The Madrid Mozilla Technologies Course is a three-months course on Mozilla technologies, organized by the Mozilla Foundation, Mozilla Europe and the Universidad Rey Juan Carlos. It started July 2009 and will finish September 2009 and had an on-site part in Madrid last week.

The course is divided in two parts:

  • on-site courses: overview of the Mozilla project (13th to 18th July)
  • team projects (end of September)

If everything goes well, the students will receive a Diploma at the end.

On-site

28 students from Europe (60% from Spain) joined us at the University for 5 intense working days about Mozilla technologies.

teachers

The teachers were:

  • Pascal Chevrel - Mozilla Employee: Web localization, community building
  • Paul Rouget - Mozilla Employee: Technology Evangelist
  • Gregorio Robles - OpenSource teacher at the Juan Carlos University
  • Vivien Nicolas - Mozilla Europe intern: Fennec developer

The program

The main topics were:

  • How do the Mozilla project and the Mozilla community work
  • extensions & XulRunner
  • How to write code for Mozilla (Bugzilla, code workflow)
  • Layout engine (HTML5)
  • Fennec

Details:

  • Monday:
    • Welcome: "How the course is organized"
    • Introduction about the Mozilla project: "What is Mozilla"
  • Tuesday
    • community, overview of the project organization: "How we work together"
    • bugzilla: "How to write code for Mozilla"
    • HTML5: "What is HTML5"
    • Chrome: "Gecko renders web pages, but the Firefox UI, too"
    • XUL & extension template: "Playing with code"
  • Wednesday
    • extension: "How to write an extension from scratch"
    • XUL & JS & CSS: "The Mozilla languages"
  • Thursday
    • Fennec: "What is Fennec, how is it different from Firefox"
    • Gecko: "How does the layout engine work"
    • XulRunner: "How to write a XulRunner application"
  • Friday
    • XPCom: "How to use XPCom"
    • XBL: "What is XBL"

Students

The on-site part was an introduction on Mozilla technologies.
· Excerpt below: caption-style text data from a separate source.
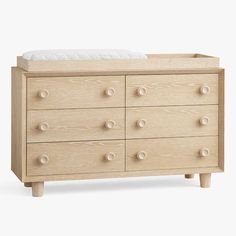 a baby crib with white mattress and wooden drawers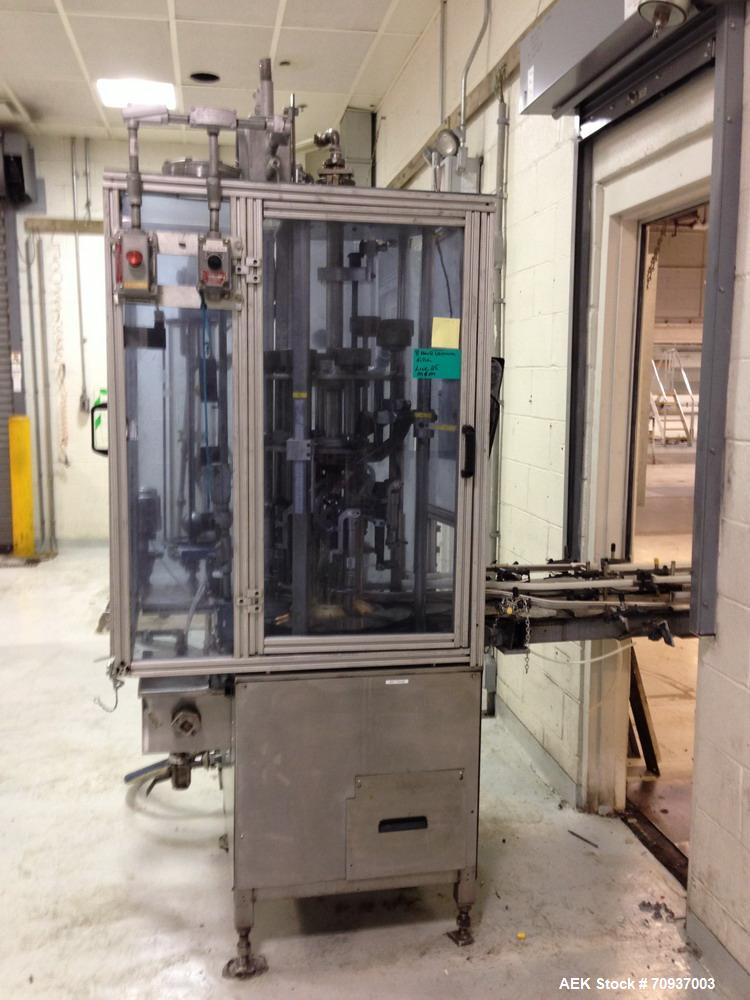 Used MRM 8 Head Rotary Vacuum Filler, speeds up to 100 bottles per minute maximum, vacuum jar, explosion proof design, stainless steel and Lexan guards.

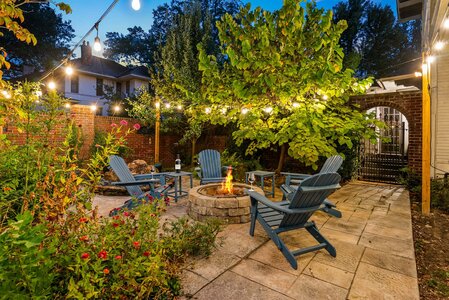 A tranquil outdoor living space featuring a fire pit, garden, and string lights for evening relaxation.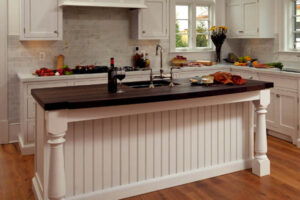 renovated kitchen with marble and wood countertops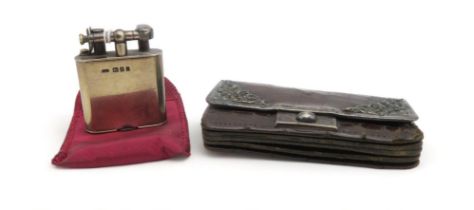 An Edwardian silver lighter, London 1904, and a silver mounted ladies leather purse (2) Condition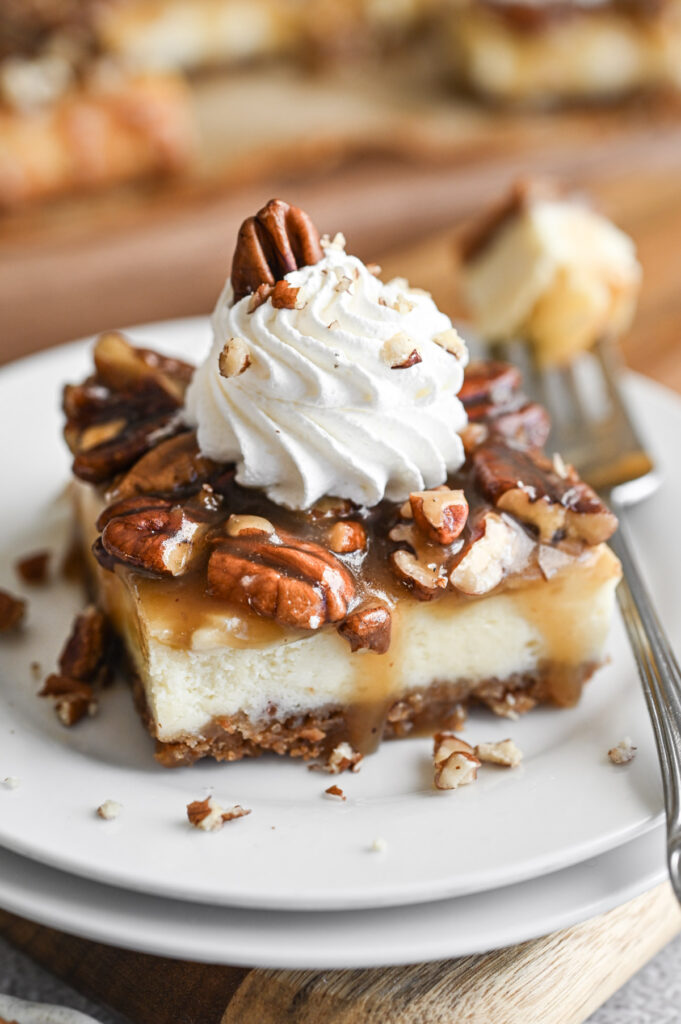 A pecan pie cheesecake square with a dollop of whipped topping and a pecan on top.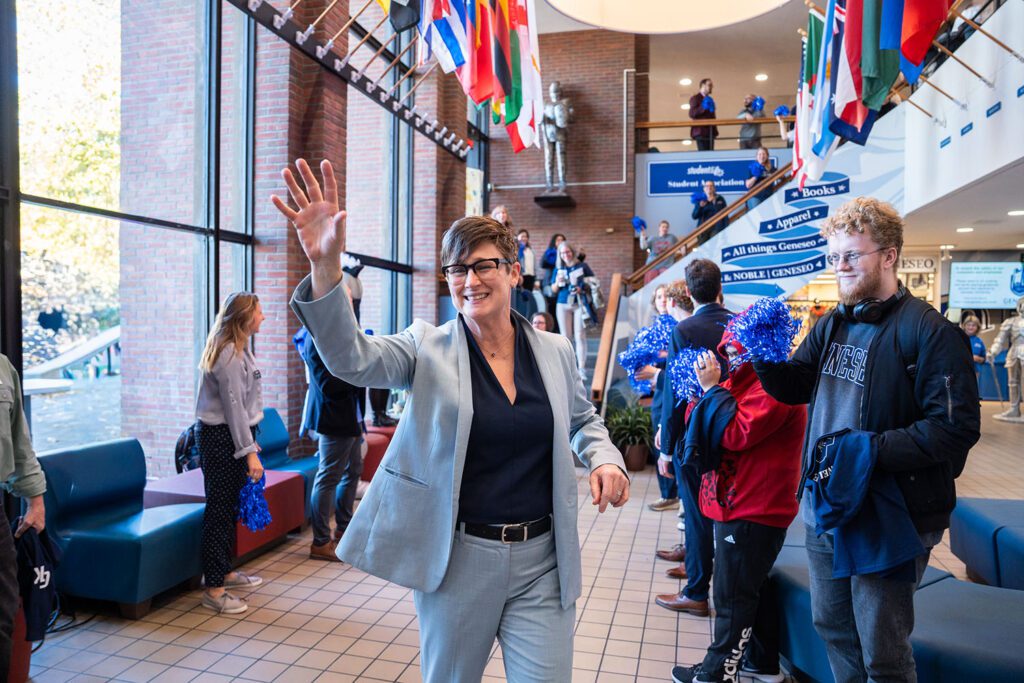 Photograph of President Melinda Treadwell waving to students in MacVittie College Union.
We taught them all the things they need in order to be able to work on a Mozilla project.

That means:

  • overview of the technologies
  • how to contribute
  • how to work with the Mozilla community
  • where to find documentation
  • where to find help

Now, they have everything to start a project.

The projects

All the students have to work on a Mozilla-related project. Pascal, Vivien and I will be responsible for different students. Here is a short and unsorted list of some projects students want to work on:

  • Fennec UX
  • Fixing Fennec bugs
  • Contributing to Ubiquity
  • Geolocation-related extensions
  • Firefox l10n for es_BO
  • Implementation of HTML5 elements
  • MDC Documentation
  • BugTrack extension (Bugzilla & Trac)
  • Improving the password manager
  • Todo List manager for Fennec & Firefox through Weave
  • ... and more.

Conclusion of this week

Gregorio was in charge of the organization of the week. He did such a great job. 5 days of courses are exhausting, for both students and teachers. On Wednesday, we took the afternoon off visiting Madrid, playing games and continuing the fun until late at night. A very useful break.

Students

The audience was heterogeneous: some students with very advanced technical skills, some with design skills, ... In order to engage everybody, it was important to:

  • have different topics, some very technical (like the layout engine), some less technical (like the Fennec User Experience, documentation or l10n)
  • give courses to the entire audience, but be available for small groups (thank you so much Vivien for this)

Courses can be boring. Especially long talks (7 hours of courses for a full day). So making students active is important. Let them write code. Mix workshops and courses.

We couldn't know what would the learning rhythm be. During the preparation, don't be too exhaustive. As days went by, we understood who the students are, what they can do and how to work with them. The planned schedule was really different from the actual one.

The students were really excited about Mozilla. They were interactive and receptive. They have so many great ideas about what we can do with Firefox and the Mozilla platform. We've learned a lot from them.

For short: it was efficient and fun.

This is just the beginning: Pascal Vivien and I will be working for the next 2 months with the students, and, hopefully, some awesome projects will emerge.